In questo senso, ti sei avvalso anche del contributo dell'improvvisazione degli attori o hai apportato modifiche alla sceneggiatura?
Io e Marco Piccarreda avevamo preparato una sceneggiatura "tradizionale", frutto di varie versioni riscritte e perfezionate, ma la condizione principale era che, sul set, per ogni scena scattasse una scintilla che restituisse la verità degli attori rispetto a quanto avveniva davanti alla cinepresa. A volte la scena prendeva una strada diversa da quella indicata nel copione, e allora l'improvvisazione diventava l'elemento guida. Del resto, non credo che una sceneggiatura sia come un romanzo: è piuttosto una mappa che consente agli attori di non smarrirsi, ma mi aspetto che il loro viaggio tradisca in qualche modo il percorso originale.
Nella direzione degli attori, quali indicazioni hai dato al protagonista, l'esordiente Mark Manaloto?
Mark è stato molto bravo, fra l'altro è appena stato ingaggiato per una parte nel nuovo film dei registi di Boris. Con lui e con Hazel Morillo, l'interprete della madre di Kiko, Marilou, entrambi esordienti, abbiamo svolto un training di cinque mesi, durante il quale sono stati addestrati a non fare nulla che non sentissero "vero". Il loro compito era quello di mettere a cofronto ogni scena con la loro vita, facendo in modo che dalla propria esperienza scaturisse quel senso di verità in grado di far "respirare" la scena.

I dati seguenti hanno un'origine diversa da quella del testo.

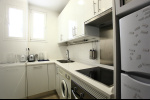 Fully Equipped Guesthouse Apartment in Madrid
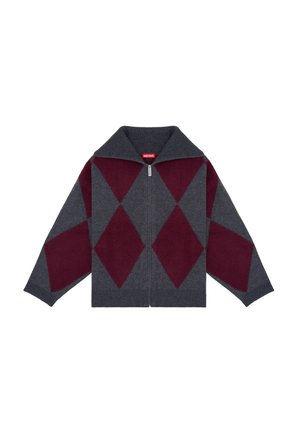Pull zippé gris foncé avec grands motifs losanges bordeaux sur le devant et les manches et un large col.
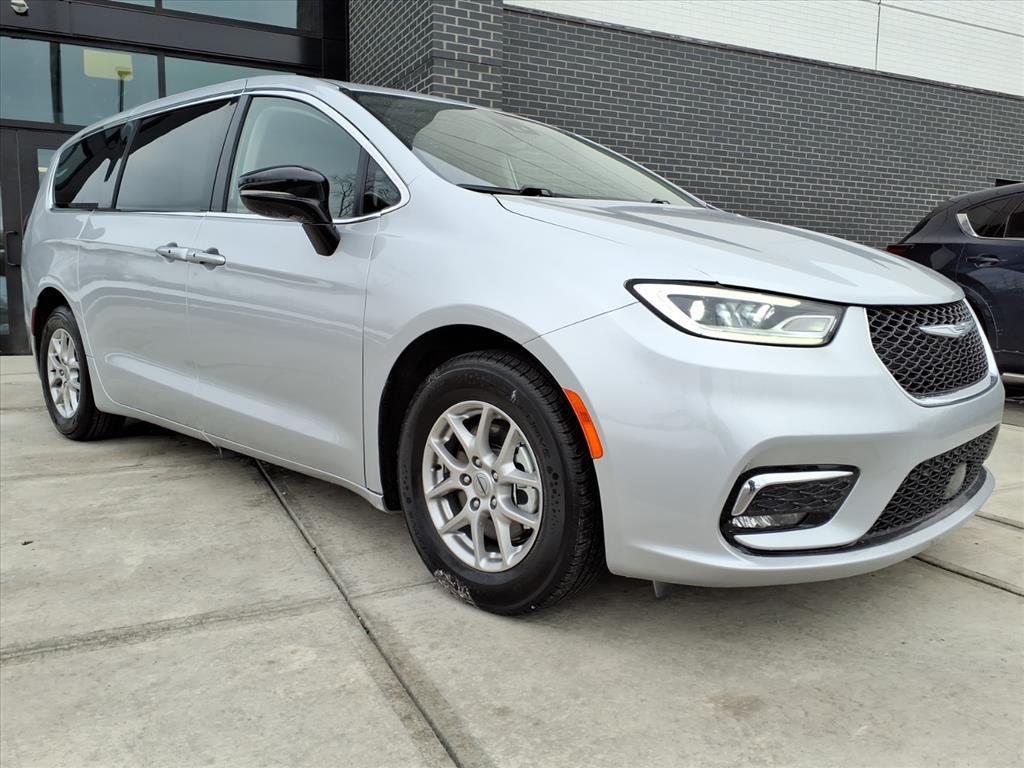 used 2024 Chrysler Pacifica car, priced at $25,500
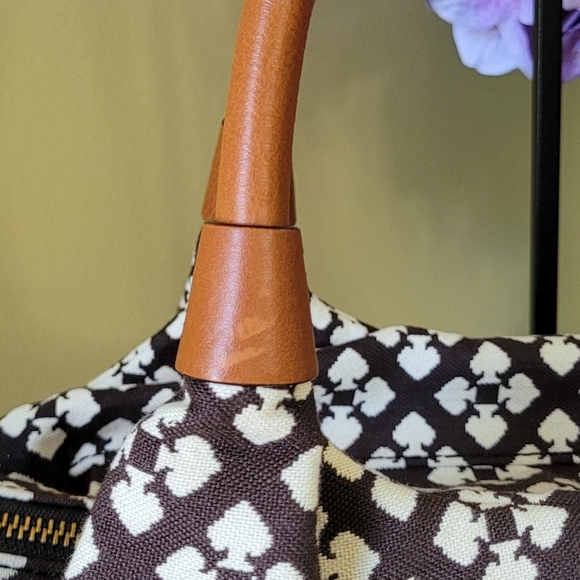 Kate Spade Brown Monochrome Printed Canvas and Leather Stevie Bag - Picture 7 of 16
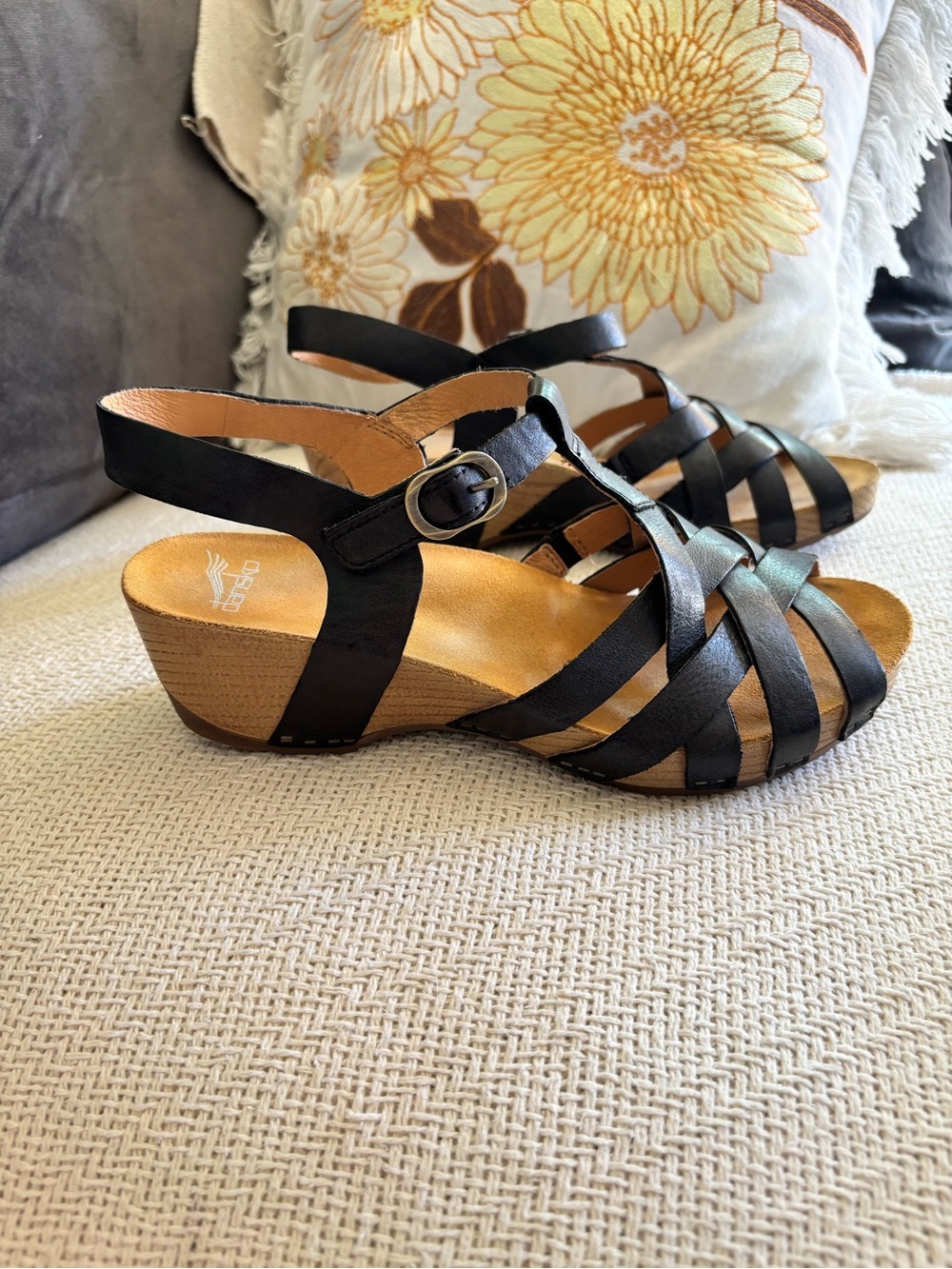 Dansko Tinley Fisherman Wedge Sandals Black Leather Size EU 40 - Picture 14 of 14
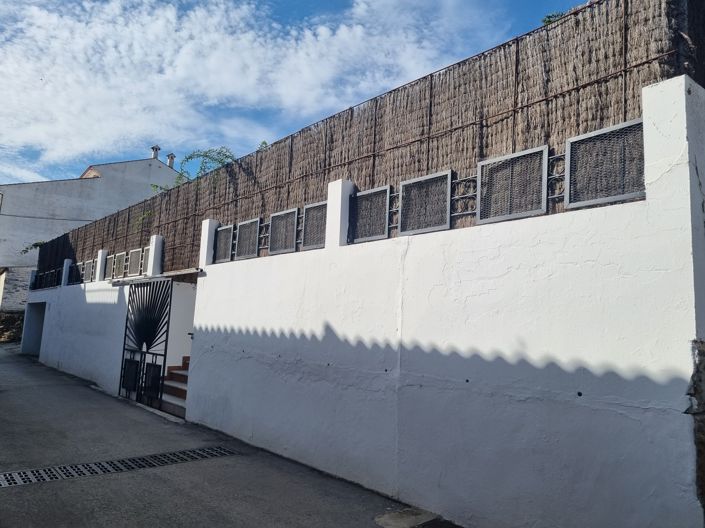 Image No.28-4 Bed Villa for sale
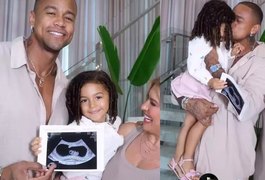 Léo Santana e Lore Improta anunciam a gravidez do segundo filho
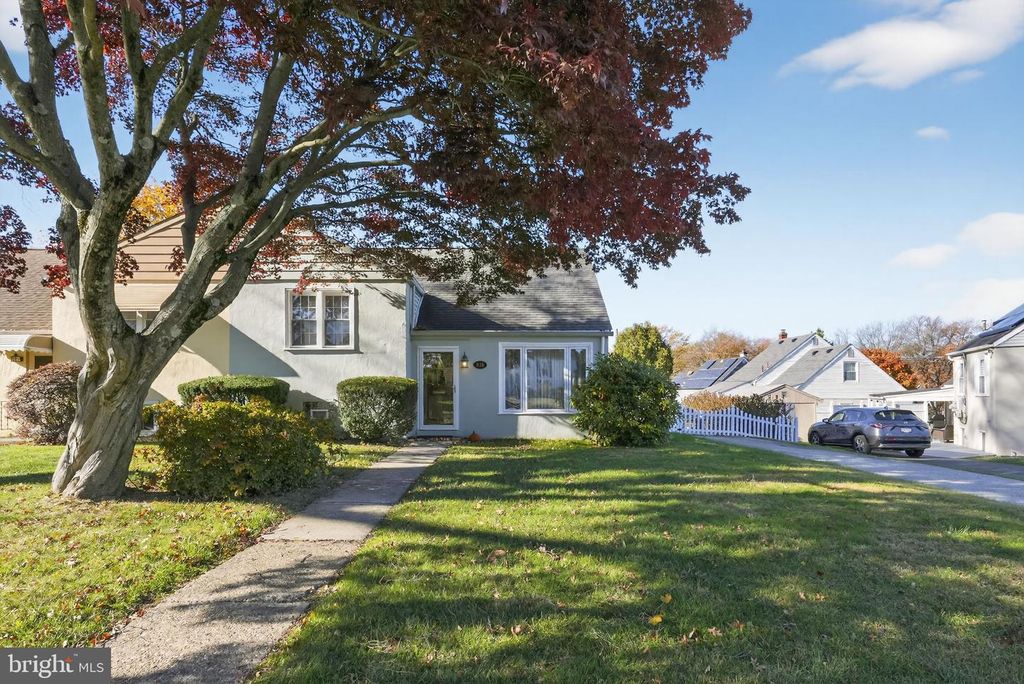 838 CLYDE LN, Philadelphia, PA 19128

Per quanto riguarda invece gli attori professionisti?
Sono molto soddisfatto di tutte le interpretazioni. È molto diverso lavorare con attori professionisti o agli esordi. Con i non professionisti, cerco interpreti che siano già molto vicini ai personaggi; con i professionisti invece accade il contrario, e infatti è stato divertente chiedere a Giuseppe Fiorello di calarsi in un ruolo quasi da "cattivo", una figura agli antipodi rispetto a quelli a cui ci ha abituato in televisione, e lui ha accettato la scommessa. Con Giorgio Colangeli c'era bisogno che il suo personaggio, Ettore, sviluppasse un senso di mistero e un forte carisma, e Giorgio è stato bravissimo, giocando sui toni del "popolano" ma al contempo mostrandosi capace di parlare di astronomia e filosofia. Giorgio è imprevedibile, e sul set è stato un enorme punto di riferimento per Mark: non si è mai arroccato sulla posizione dell'attore veterano, ma si è dimostrato umile e generoso. C'era un'atmosfera da vero lavoro di squadra, in cui tutti si sono impegnati al massimo. L'operatore Andrea Caccia e il fonico Luca Bertolini hanno capito appieno lo spirito del film, e hanno conferito alle riprese quell'attenzione, ma anche quella "freschezza" tipica del documentario.
Cosa puoi dirci infine sui tuoi prossimi progetti?
In questo momento mi sto concentrando molto sulla scrittura; sto cercando di selezionare un progetto per far partire un nuovo film, ma ancora non ho preso una decisione definitiva. Nel frattempo sto collaborando anche con Emanuele Crialese alla sceneggiatura del suo prossimo film da regista.